Using the listing below, give the number of lines where "Sport" appears, and nothing else.

*THE INPUT*.
_ _ _

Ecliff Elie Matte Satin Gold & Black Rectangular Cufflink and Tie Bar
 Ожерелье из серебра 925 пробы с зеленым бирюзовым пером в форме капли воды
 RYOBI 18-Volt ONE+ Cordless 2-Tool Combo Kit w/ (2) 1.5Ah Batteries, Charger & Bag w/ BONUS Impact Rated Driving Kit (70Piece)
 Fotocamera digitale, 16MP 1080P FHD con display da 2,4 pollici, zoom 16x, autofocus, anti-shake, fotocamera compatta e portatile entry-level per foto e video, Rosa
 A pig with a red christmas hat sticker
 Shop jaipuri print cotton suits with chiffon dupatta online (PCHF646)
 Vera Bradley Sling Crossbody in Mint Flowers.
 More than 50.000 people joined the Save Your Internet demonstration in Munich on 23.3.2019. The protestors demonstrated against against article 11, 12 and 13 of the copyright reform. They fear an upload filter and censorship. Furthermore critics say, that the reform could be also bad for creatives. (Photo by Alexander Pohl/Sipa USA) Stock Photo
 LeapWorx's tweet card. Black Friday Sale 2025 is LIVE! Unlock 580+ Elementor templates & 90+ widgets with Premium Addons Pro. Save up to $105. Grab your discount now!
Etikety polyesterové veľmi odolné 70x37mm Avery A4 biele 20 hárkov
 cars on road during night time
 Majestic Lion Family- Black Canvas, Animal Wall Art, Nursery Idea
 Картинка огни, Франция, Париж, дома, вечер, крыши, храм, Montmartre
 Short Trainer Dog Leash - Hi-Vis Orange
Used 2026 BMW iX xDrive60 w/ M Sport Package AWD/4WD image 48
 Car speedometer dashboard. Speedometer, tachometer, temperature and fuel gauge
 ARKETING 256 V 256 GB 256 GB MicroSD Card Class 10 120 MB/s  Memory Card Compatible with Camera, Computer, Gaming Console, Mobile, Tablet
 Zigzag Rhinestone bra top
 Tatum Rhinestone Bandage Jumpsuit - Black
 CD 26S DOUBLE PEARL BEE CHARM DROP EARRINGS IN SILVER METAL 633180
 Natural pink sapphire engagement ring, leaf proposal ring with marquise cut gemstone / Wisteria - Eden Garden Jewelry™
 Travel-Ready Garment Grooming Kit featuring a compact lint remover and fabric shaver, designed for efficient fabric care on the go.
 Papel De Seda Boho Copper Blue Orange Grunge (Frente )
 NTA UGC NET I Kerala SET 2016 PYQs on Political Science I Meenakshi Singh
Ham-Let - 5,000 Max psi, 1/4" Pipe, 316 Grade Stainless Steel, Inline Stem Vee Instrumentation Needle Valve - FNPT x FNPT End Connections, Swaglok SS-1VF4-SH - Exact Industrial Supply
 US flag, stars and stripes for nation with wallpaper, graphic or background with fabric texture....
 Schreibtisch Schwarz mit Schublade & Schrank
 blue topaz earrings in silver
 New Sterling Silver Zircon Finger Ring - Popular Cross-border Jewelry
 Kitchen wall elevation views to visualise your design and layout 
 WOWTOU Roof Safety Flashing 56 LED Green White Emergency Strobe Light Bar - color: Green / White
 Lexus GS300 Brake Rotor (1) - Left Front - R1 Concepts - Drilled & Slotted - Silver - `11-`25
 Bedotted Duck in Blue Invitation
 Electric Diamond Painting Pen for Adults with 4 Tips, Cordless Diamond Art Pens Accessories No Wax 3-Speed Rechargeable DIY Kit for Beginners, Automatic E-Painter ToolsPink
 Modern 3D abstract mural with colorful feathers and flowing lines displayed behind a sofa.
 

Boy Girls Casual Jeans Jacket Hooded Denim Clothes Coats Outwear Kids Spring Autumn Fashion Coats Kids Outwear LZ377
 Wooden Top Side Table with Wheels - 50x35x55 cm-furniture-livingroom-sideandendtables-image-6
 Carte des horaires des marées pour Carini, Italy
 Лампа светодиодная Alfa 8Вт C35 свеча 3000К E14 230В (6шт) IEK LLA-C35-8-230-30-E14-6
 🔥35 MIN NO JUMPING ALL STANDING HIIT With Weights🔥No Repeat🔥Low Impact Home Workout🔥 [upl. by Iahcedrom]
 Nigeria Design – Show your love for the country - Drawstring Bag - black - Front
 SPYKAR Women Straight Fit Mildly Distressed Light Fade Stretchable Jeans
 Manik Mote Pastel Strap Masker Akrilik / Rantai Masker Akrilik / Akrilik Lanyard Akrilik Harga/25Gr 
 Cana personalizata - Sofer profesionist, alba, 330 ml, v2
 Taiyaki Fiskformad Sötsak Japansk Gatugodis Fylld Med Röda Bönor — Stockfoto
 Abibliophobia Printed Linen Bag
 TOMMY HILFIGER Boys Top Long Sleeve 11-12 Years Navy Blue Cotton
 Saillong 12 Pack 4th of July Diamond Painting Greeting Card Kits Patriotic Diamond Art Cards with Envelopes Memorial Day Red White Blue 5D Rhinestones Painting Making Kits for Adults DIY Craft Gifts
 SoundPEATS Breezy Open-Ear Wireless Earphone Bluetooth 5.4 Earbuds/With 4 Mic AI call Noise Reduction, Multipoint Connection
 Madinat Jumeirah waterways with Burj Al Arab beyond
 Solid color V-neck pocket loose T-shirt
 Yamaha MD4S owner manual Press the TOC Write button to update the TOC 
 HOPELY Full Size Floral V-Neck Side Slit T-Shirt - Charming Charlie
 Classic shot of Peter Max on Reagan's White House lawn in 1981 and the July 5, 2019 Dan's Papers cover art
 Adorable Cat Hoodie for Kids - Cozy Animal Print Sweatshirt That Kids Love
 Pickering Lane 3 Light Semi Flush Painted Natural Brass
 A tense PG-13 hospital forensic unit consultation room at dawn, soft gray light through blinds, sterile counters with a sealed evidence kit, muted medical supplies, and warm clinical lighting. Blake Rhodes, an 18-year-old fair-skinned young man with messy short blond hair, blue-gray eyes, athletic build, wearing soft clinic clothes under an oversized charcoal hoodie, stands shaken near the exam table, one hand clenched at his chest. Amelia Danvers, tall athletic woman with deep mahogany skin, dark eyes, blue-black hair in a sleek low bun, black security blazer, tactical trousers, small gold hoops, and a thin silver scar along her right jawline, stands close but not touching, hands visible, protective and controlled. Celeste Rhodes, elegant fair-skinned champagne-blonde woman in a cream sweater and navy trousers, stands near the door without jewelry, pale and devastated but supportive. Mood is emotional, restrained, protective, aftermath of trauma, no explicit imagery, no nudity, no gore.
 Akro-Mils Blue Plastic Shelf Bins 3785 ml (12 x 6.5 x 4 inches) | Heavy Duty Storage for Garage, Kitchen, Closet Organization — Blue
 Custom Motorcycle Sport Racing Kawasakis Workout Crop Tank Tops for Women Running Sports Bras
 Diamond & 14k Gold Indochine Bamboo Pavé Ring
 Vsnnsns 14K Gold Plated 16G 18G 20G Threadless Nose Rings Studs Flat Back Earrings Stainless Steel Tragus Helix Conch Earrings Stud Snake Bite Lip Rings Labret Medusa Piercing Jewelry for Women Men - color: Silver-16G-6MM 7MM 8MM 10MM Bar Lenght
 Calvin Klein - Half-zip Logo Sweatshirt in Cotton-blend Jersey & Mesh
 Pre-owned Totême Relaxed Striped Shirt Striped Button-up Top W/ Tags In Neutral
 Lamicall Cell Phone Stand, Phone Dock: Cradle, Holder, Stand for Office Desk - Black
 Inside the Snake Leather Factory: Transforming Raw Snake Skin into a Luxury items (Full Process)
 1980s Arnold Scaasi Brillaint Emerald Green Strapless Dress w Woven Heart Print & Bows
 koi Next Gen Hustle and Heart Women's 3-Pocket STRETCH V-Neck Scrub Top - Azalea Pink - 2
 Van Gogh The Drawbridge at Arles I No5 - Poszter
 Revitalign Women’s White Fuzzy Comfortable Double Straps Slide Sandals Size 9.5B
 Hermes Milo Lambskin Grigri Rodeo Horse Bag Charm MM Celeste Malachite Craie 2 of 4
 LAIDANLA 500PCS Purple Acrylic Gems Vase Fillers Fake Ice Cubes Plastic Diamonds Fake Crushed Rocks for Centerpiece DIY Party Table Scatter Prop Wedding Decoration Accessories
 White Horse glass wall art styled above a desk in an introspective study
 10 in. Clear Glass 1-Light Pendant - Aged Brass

_ _ _

*RESPONSE BELOW*. 2